My next big mistake was with this coconut milk batch. I now understand about false trace.  Oh no! :shock: Out comes the crockpot again and I thought it turned out quite nice. Vanilla Bean Noel scent with CP color stabilizer and it's remained a lovely cream color. eta: slowly discolored to brown. 

http://img22.imageshack.us/img22/6713/1000088j.jpg

Next there's...wait a minute...this isn't soap!

http://img831.imageshack.us/img831/1678/1000093.jpg

I guess he was thinking "She's in the kitchen. Is there food?"

And finally, after months of swirl envy and drooling over other people's beautiful soaps, I used Dagmar's recipe from her tutorial and tried to swirl like she showed.

"removed tute link because it's gone"

My results - okay, it's not great but sooo much better than my previous efforts. Thanks for posting the tutorial, Dagmar   

http://img808.imageshack.us/img808/2082/1000096.jpg

http://img196.imageshack.us/img196/6482/1000097e.jpg

I liked the salt bar so much that I made another batch but I added in a little olive oil.

80% co
12% oo
8% castor

I used a dark rose mica and gold mica for colorants and scented it with Strawberry & Champagne FO. I'm quite pleased with the results but I don't have pictures. I'll have to take some and post them later.

Right now, I've got a HP batch cooking and I'm going to add some coffee grounds and oatmeal to it. One of my sisters has asked several times for a gardener/kitchen scrubby soap so this is an experiment. I really hope it turns out.


----------



## PrairieCraft (Aug 3, 2010)

Picture #1 looks like a soapers nightmare.  I might have run away.

#3 looks great, can't tell anything went wrong.

#4 cutie, cutie *scratch under chin*

Haven't seen this tutorial.  What a thick trace, I wouldn't have thought you could still work with the soap after it was that thick.

#5 this pic makes me think that you are a perfectionist   I like it.

#6 very nice color combo

Happy soaping


----------



## Hazel (Aug 3, 2010)

#1 - I didn't run away but I felt like crying. I shouldn't have taken it so hard. I'd been lucky with the batchs I'd made previously so I was due for a salutary lesson. 

#3 is the rebatch picture. I didn't take a before pic. 

#4 - The cute look is just a clever disguise. He's really obnoxious but I'm starting to let things slide since he's getting old.

I am a perfectionist but I need to learn to let it go. The soap will clean just fine even if it doesn't look good.

#6 Thanks - it's actually a little paler than the pic appears but I'm thrilled with it after months of attempting to swirl and not succeeding.


----------



## Sunny (Aug 3, 2010)

favorite pic: the cat with what looks like possibly a special ear. hehe

all of the soaps look really great. don't take it hard at all, eventually you will reach soaping perfection, though it may take a while.
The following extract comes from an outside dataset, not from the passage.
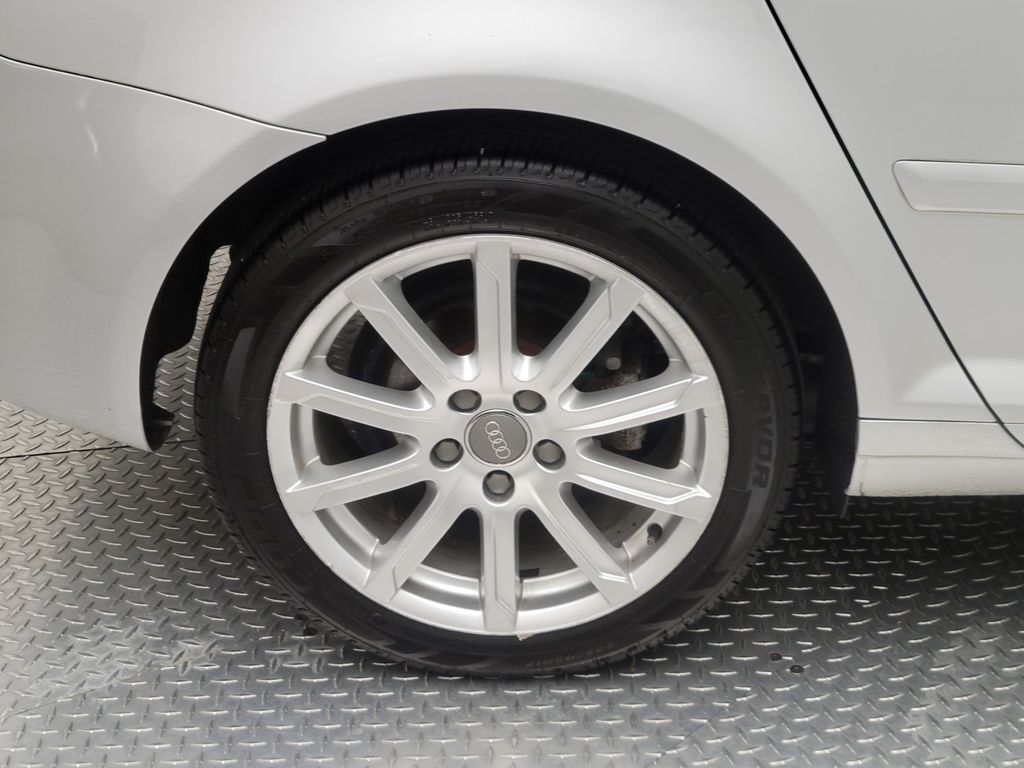 Thumbnail: 2013 Audi A3 - 12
I know for me it's taking way too long  :shock:


----------



## Hazel (Aug 3, 2010)

The ear is from a fight he had with another cat years ago. I guess it was a territorial dispute. He came back a little mangled but he proudly strutted around like he was king of the jungle.    Of course, it wasn't funny at the time because I ended up with a another vet bill.

Thanks. I'll never achieve perfection but I'll settle for cleansing, conditioning and awesome bubbly lather.


----------



## miaow (Aug 3, 2010)

Your salt bars look great!  I just made some recently that smell wonderful(south pacific waters from wsp) but I fell asleep while it was in the oven and so it was too hard to cut when I got it out.  So I had my man cut it for me...so the bars broke.   :cry:


----------



## Hazel (Aug 3, 2010)

I like the color. What did you use for colorants? I've been using micas and herbal powders because it's all I have at this time.

Thanks for the compliment on the soap. I thought they looked rough. I didn't get clean cuts because I was so paranoid that I probably cut them too soon.

I'm sorry yours got hard. At least your man was able to cut them and it looks like you got some decent sized pieces.    Someone posted that when she cut her bars they just crumbled. What percentage of salt did you use? On this first batch, I used 60% and on the second one I became daring and used 70%.   

I haven't used South Pacific Waters. I'll have to check it out.


----------



## NancyRogers (Aug 4, 2010)

I really like your soaps.  The salt bar is my favorite.  I *love* your kitty.  Squooooosh him!


----------



## agriffin (Aug 4, 2010)

Nice save on the first one!  

Hehehe...I LOVE orange cats!  

Salt bars look great!


----------



## tespring (Aug 4, 2010)

I love the color of your soaps and I think they came out great! I think we have to have soap catastrophes to know what good soap is and to learn what to do next. lol  After reading Millers soap, I found out to never throw a batch out, if nothing else can be done with it, I throw it in the wash. It is a great laundry booster.  I just grate it up and throw it in.  

I tried to do the same salt bar swirl but with two colors. It came out nice for me for the FIRST time ever.  I divided the soap up into two equal amounts, divided the salt up the same way, colored one batch then put the salt in, colored the other batched, then put its salt in and then alternately poured it into the mold.  I used blue and green, I will post the pictures soon.  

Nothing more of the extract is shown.